Kilmainham Gaol () is a former prison in Kilmainham, Dublin, Ireland. It is now a museum run by the Office of Public Works, an agency of the Government of Ireland. Many Irish revolutionaries, including the leaders of the 1916 Easter Rising, were imprisoned and executed in the prison by the orders of the UK Government.

History
When it was first built in 1796, Kilmainham Gaol was called the "New Gaol" to distinguish it from the old prison it was intended to replace – a noisome dungeon, just a few hundred metres from the present site. It was officially called the County of Dublin Gaol, and was originally run by the Grand Jury for County Dublin.

Originally, public hangings took place at the front of the prison. However, from the 1820s onward very few hangings, public or private, took place at Kilmainham. A small hanging cell was built in the prison in 1891. It is located on the first floor, between the west wing and the east wing.

There was no segregation of prisoners; men, women and children were incarcerated up to 5 in each cell, with only a single candle for light and heat. Most of their time was spent in the cold and the dark, and each candle had to last for two weeks. Its cells were roughly 28 square metres in area.

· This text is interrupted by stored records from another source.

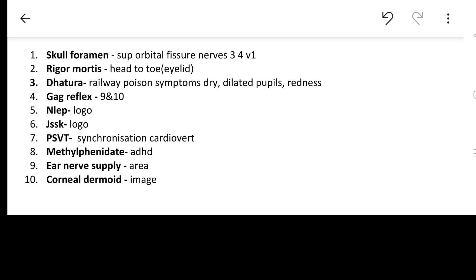We have taken all the national programs with logo in one line concise manner in our three hours of video covering all the important tables. There we have discussed Janani Suraksha and also Janani Shishu Suraksha Karyakram. PSVT was also discussed in that same video. Synchronized cardioversion is the answer for it and all the rhythms were also coming like atrial fibrillation, atrial flutter - everything was discussed in one go.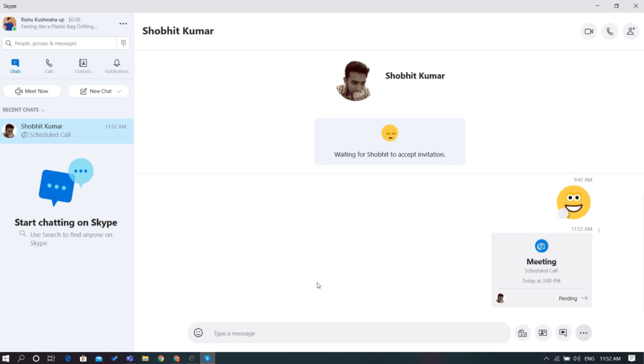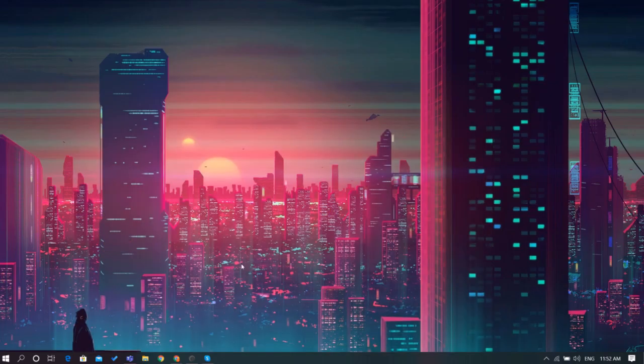If you're using Skype on your phone, the process is similar. It is that simple and easy. No more abrupt Skype calls and interruptions.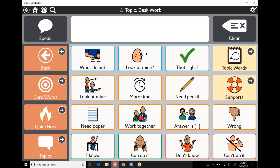Hopefully that helps a little bit on how to use different topics within the school system and the school day, because I know it can be somewhat overwhelming to have an AAC device in your classroom. But these topics are really designed to help you jump in and get started.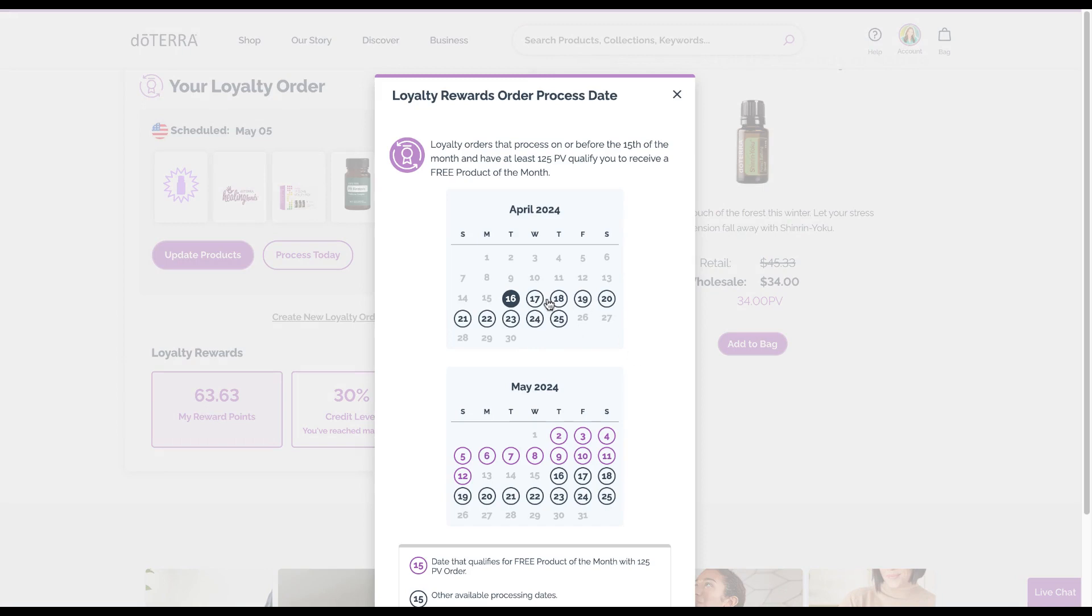If you pick one of these purple days, which is generally the 15th or before, it's telling you if you order by the 15th and it's at least 125 PV, you will get a free product of the month. Just be aware of that.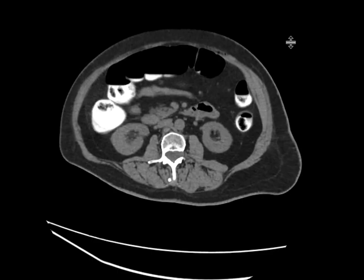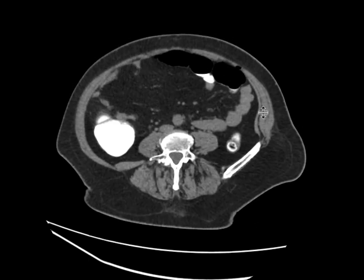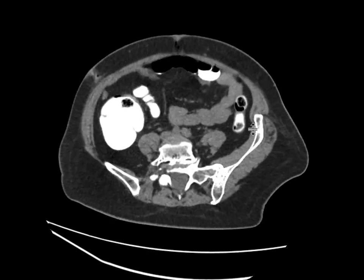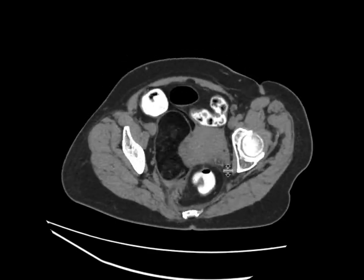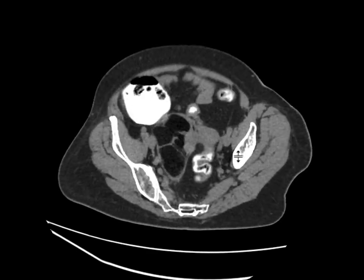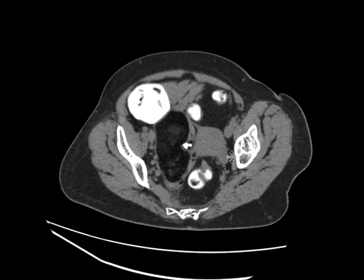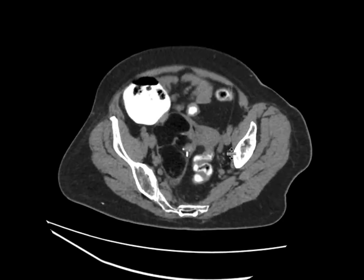This is a postmenopausal woman who comes in with some pelvic pain. We did a non-contrast CT scan and gave her some oral contrast. As we scroll downwards to the pelvis, we can see a very clear abnormality centered in the right side of the pelvis. This large fat-containing mass has a few soft tissue elements within it, and there's a calcification at the periphery of this.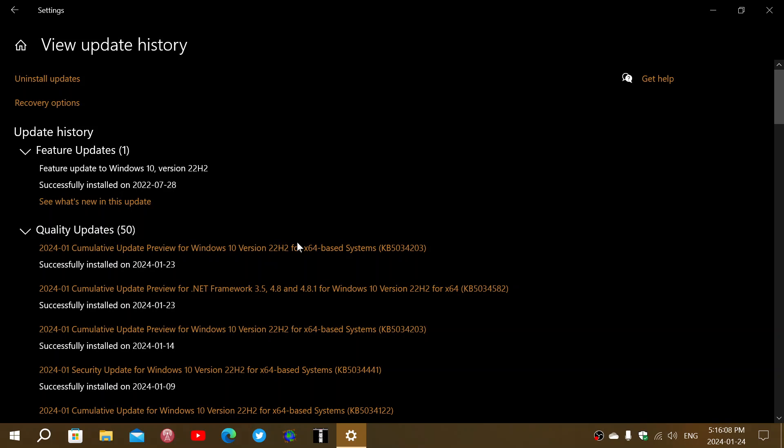At some point there will be a fix, but if you can't install KB5034441, you still can't install it after today's bug fixes. It doesn't fix that, from what I can see in the blog post.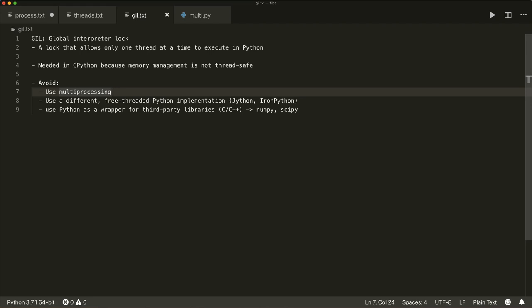Objects created in Python have a reference count variable that keeps track of the number of references that point to the object. When this count reaches zero, the memory occupied by the object can be released. The problem in multi-threading is that this reference count variable needs protection from race conditions where two threads increase or decrease the value simultaneously. If this happens, it can cause leaked memory that is never released, or it can incorrectly release the memory while a reference to that object still exists. This is the reason why the GIL was introduced.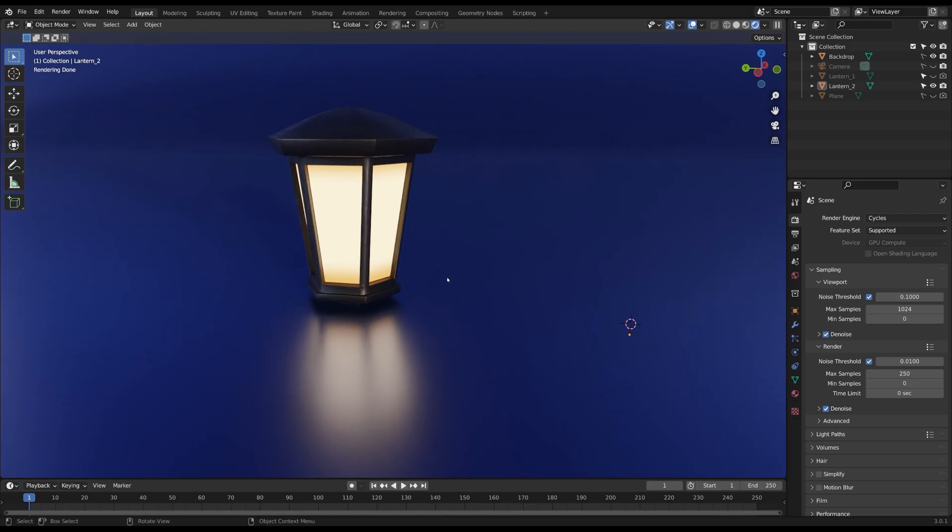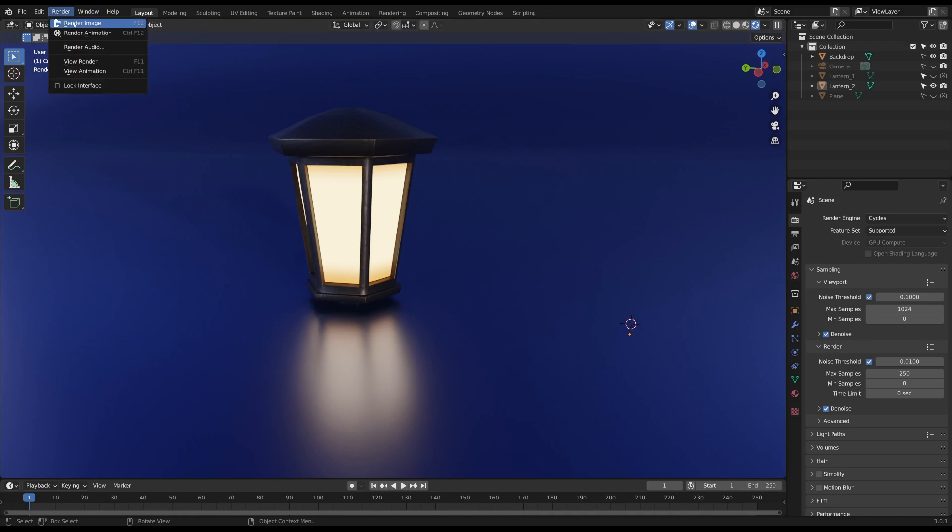To add a bloom effect in Cycles you will have to render your scene first. So make sure your scene is finished and you've added all your materials including the emission shaders. Then go ahead and render your scene in Cycles either by pressing this button up here or by pressing F12.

Children were sometimes arrested for petty theft, the youngest said to be a seven-year-old child, while many of the adult prisoners were transported to Australia.

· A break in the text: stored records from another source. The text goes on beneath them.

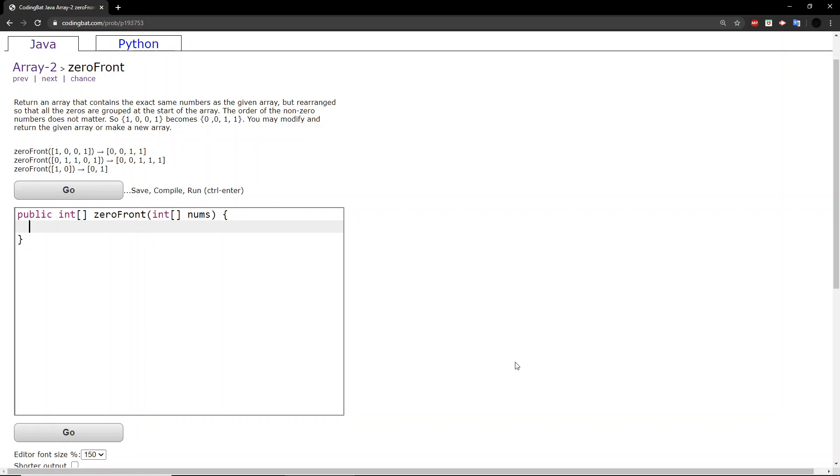Hello guys, welcome back to another codingbat.com tutorial. Today we will be doing array 2, exercise zero front.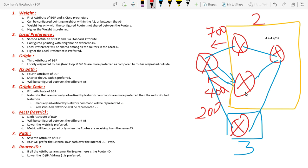If it is from a different AS, metric will not be considered a valid attribute. However, if you want to force metric comparison across different AS, you can do so by using the 'always compare MED' command. Then it will consider metric across different AS as well. This is what metric is all about.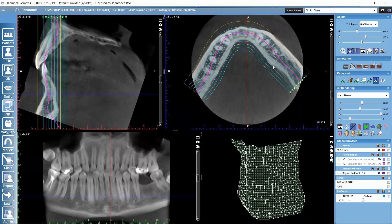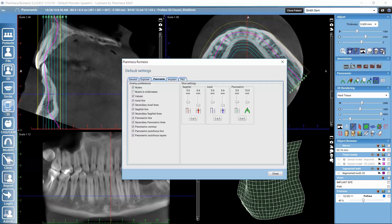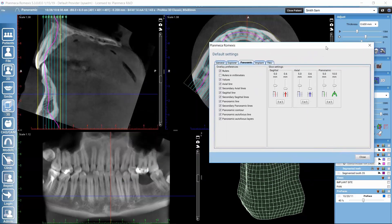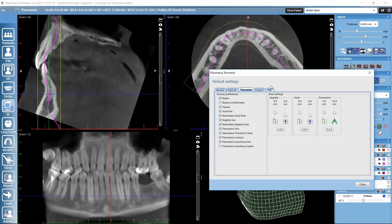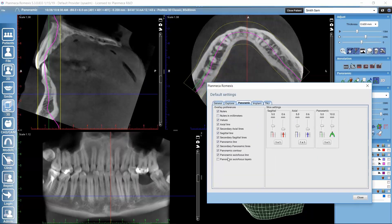In the axial view, we can also see the autofocus layers in addition to the improved panoramic focal layer. If we would like to hide any of these, we can open the default settings and hide the extra layers by clicking there.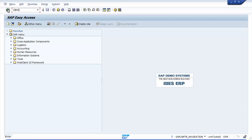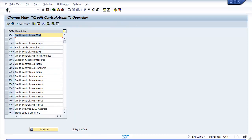On change view credit control areas overview screen, click on new entries and update the following details.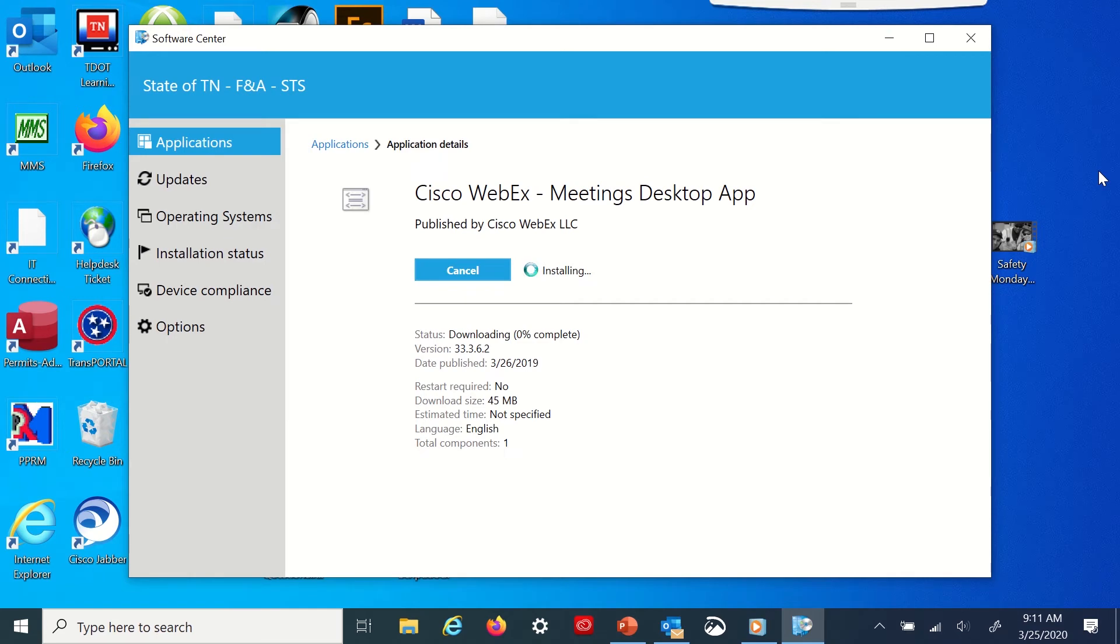It may take a few minutes so give it a little bit of time and that's about it. And now you have what you need for WebEx meetings.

At Kilmainham, the poor conditions in which women prisoners were kept provided the spur for the next stage of development. As early as 1809, in his report, the Inspector had observed that male prisoners were supplied with iron bedsteads while females "lay on straw on the flags in the cells and common halls". Half a century later there was little improvement. The women's section, located in the west wing, remained overcrowded. In an attempt to relieve the overcrowding, 30 female cells were added to the Gaol in 1840. These improvements had not been made long before the Great Famine occurred, and Kilmainham was overwhelmed with the increase of prisoners.

Post-independence period

Kilmainham Gaol was decommissioned as a prison by the Irish Free State government in 1924. Seen principally as a site of oppression and suffering, there was at this time no declared interest in its preservation as a monument to the struggle for national independence. The jail's potential function as a location of national memory was also undercut and complicated by the fact that the first four Republican prisoners executed by the Free State government during the Irish Civil War  were shot in the prison yard.

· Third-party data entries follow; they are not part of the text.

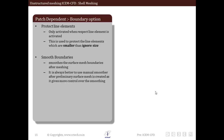Let us discuss the next option which is protect line elements. This is to protect line elements which are of smaller size than the ignored size defined. Within the ignore size option we defined some size, but this option protects line elements against this size even if the given size goes above these line elements. Ignore size is used to filter out sliver small surfaces, but if a specific small surface patch is to be retained, this option can be useful.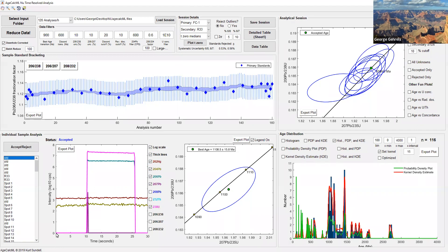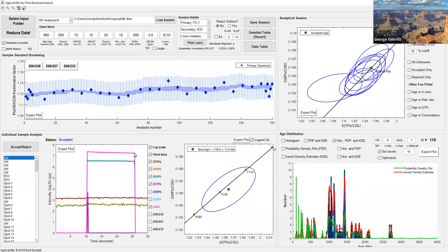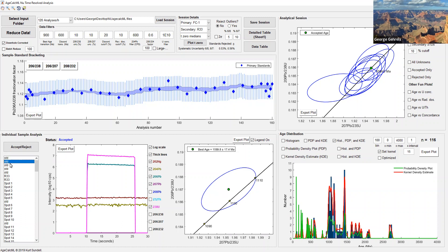We start here at time zero. We count for about 10 seconds with the laser off, and this is what we call backgrounds, the ion intensities coming into the collectors when there's no laser firing, no sample being ablated. We fire the laser right here, and you can see rapid, almost instantaneous increase of the uranium and lead signals. We fire the laser continuously, this is seven hertz per second repetition rate, for about 15 seconds. We turn off the laser and you see this rapid washout down back to background values. We let it wash out for a few seconds and then start the next analysis.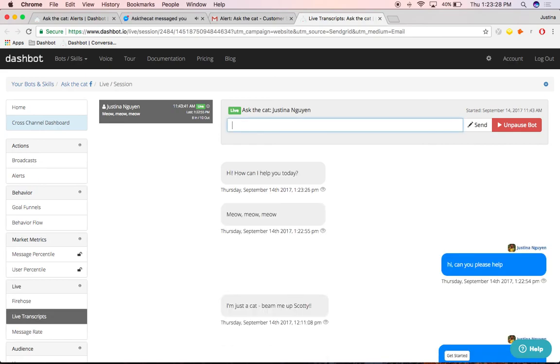If you need help creating a Dashbot alert, please email contact at Dashbot.io.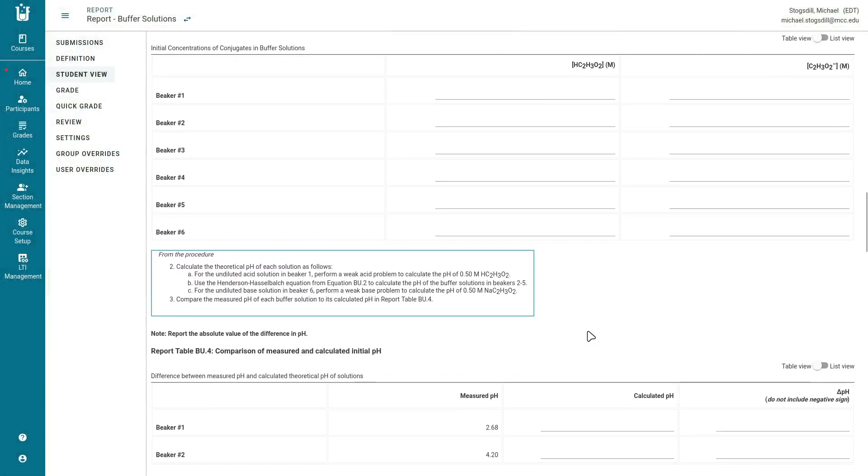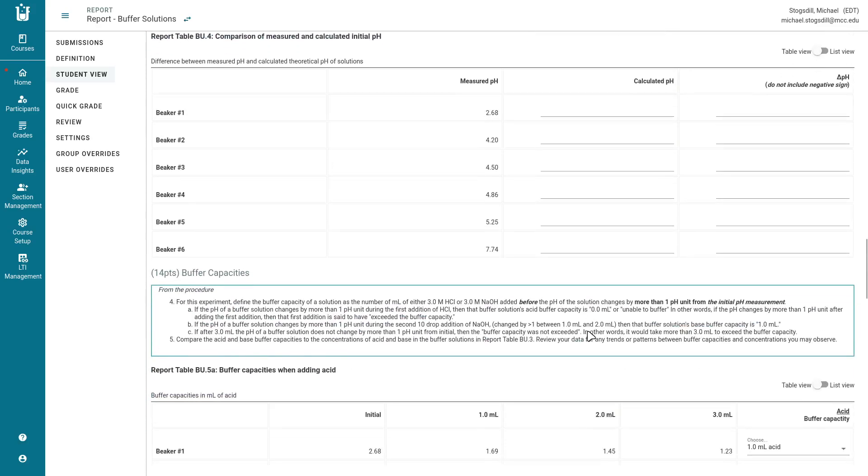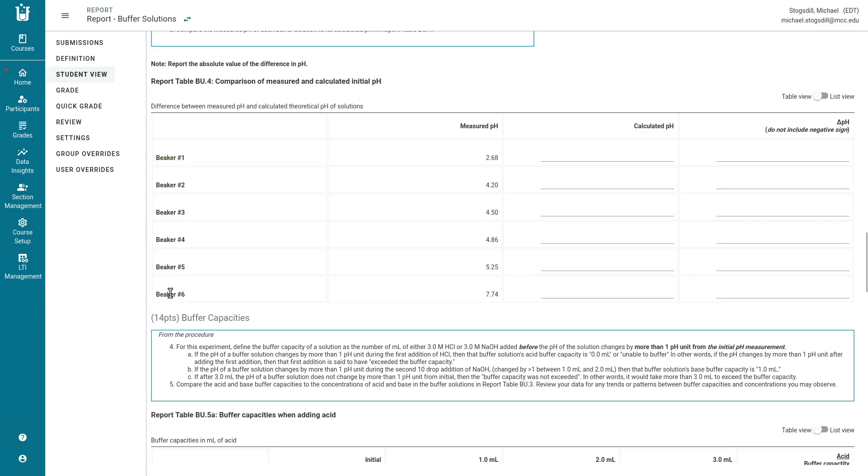After that we come here where what we are looking to do is compare the measured pH for each of these solutions to the theoretical calculated pH. So there are three cases here. We have beaker one where we just have acid, beaker six where we just have the conjugate base, and then beakers two through five where we have a buffered solution.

The Irish Prison Board contemplated reopening it as a prison during the 1920s but all such plans were finally abandoned in 1929. In 1936 the government considered the demolition of the prison but the price of this undertaking was seen as prohibitive. Republican interest in the site began to develop from the late 1930s, most notably with the proposal by the National Graves Association, a Republican organisation, to preserve the site as both a museum and memorial to the 1916 Easter Rising. This proposal received no objections from the Commissioners of Public Works, who costed it at £600, and negotiations were entered into with the Department of Education about the possibility of relocating artefacts relating to the 1916 Rising housed in the National Museum to a new museum at the Kilmainham Gaol site. The Department of Education rejected this proposal seeing the site as unsuitable for this purpose and suggested instead that paintings of nationalist leaders could be installed in appropriate prison cells. However, with the advent of the Emergency the proposal was shelved for the duration of the war.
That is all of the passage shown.